Briefly: US Secretary of State Antony Blinken wrapped up his short visit to Central Asia on Wednesday (1 March) after meeting officials from all five Central Asian countries (Kazakhstan, Tajikistan, Turkmenistan, Uzbekistan, and Kyrgyzstan).
Blinken’s trip was aimed at further isolating Russia from its traditional partners in the region, who have pursued a careful neutrality in response to Russia’s invasion of Ukraine. Of particular note were the repeated references (by both Blinken and his hosts) to US support for the region’s “sovereignty, independence and territorial integrity”.
By invading Ukraine, Russia has made plain its determination to rebuild influence in its region, and to do so using ‘defending fellow Russians’ as an excuse. Central Asia is home to plenty of ethnic Russians, and Russian nationalists have long called for their incorporation into the motherland, so one can understand the region’s caution.
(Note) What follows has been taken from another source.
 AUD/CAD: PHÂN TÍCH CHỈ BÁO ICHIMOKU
Intrigue’s take: Central Asia rarely makes the global headlines, but we’ll be hearing more from this part of the world. In addition to the growing competition there between Russia, China and the US, the region is rich in key minerals needed for the green energy transition.
All in all, probably time to brush up on which ‘stan is which.
Also worth noting:
- While Moscow remains the traditional partner for Central Asian countries, China is also lifting its game in the region.
- All five Central Asian countries are designated as ‘not free’ by democracy NGO Freedom House.